(Work order): Write each line again exactly as it is, from the opening line of the records below through the one containing "Meet your Posher, Meredith", and add nothing.

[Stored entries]
· · · · · · ·

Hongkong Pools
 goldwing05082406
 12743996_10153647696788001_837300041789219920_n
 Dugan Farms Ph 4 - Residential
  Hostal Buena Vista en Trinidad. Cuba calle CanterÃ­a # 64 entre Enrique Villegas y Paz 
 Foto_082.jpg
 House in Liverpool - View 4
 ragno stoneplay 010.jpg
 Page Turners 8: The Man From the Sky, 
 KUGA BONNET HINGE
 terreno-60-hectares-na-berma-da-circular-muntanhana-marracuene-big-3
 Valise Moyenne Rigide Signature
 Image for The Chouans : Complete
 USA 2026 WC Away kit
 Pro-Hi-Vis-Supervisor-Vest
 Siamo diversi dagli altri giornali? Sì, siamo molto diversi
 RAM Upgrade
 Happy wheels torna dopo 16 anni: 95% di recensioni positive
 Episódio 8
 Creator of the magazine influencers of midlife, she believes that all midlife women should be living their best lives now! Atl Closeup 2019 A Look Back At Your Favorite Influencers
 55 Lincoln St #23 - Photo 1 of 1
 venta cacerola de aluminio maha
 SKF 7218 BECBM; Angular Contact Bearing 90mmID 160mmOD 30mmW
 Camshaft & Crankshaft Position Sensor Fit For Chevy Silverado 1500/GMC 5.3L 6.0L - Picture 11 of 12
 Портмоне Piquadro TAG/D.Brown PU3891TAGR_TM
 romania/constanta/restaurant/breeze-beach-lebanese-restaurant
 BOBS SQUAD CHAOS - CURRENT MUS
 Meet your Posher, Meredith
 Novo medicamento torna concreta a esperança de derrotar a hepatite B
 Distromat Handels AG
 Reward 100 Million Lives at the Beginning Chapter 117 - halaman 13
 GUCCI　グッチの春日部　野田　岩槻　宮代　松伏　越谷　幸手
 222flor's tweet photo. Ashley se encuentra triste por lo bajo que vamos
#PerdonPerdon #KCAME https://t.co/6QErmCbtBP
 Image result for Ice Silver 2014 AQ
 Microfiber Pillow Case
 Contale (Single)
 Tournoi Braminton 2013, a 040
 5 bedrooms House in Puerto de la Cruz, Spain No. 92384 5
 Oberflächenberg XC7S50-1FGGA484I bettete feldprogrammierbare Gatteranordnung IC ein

· · · · · · ·

(Response area):
Hongkong Pools
 goldwing05082406
 12743996_10153647696788001_837300041789219920_n
 Dugan Farms Ph 4 - Residential
  Hostal Buena Vista en Trinidad. Cuba calle CanterÃ­a # 64 entre Enrique Villegas y Paz 
 Foto_082.jpg
 House in Liverpool - View 4
 ragno stoneplay 010.jpg
 Page Turners 8: The Man From the Sky, 
 KUGA BONNET HINGE
 terreno-60-hectares-na-berma-da-circular-muntanhana-marracuene-big-3
 Valise Moyenne Rigide Signature
 Image for The Chouans : Complete
 USA 2026 WC Away kit
 Pro-Hi-Vis-Supervisor-Vest
 Siamo diversi dagli altri giornali? Sì, siamo molto diversi
 RAM Upgrade
 Happy wheels torna dopo 16 anni: 95% di recensioni positive
 Episódio 8
 Creator of the magazine influencers of midlife, she believes that all midlife women should be living their best lives now! Atl Closeup 2019 A Look Back At Your Favorite Influencers
 55 Lincoln St #23 - Photo 1 of 1
 venta cacerola de aluminio maha
 SKF 7218 BECBM; Angular Contact Bearing 90mmID 160mmOD 30mmW
 Camshaft & Crankshaft Position Sensor Fit For Chevy Silverado 1500/GMC 5.3L 6.0L - Picture 11 of 12
 Портмоне Piquadro TAG/D.Brown PU3891TAGR_TM
 romania/constanta/restaurant/breeze-beach-lebanese-restaurant
 BOBS SQUAD CHAOS - CURRENT MUS
 Meet your Posher, Meredith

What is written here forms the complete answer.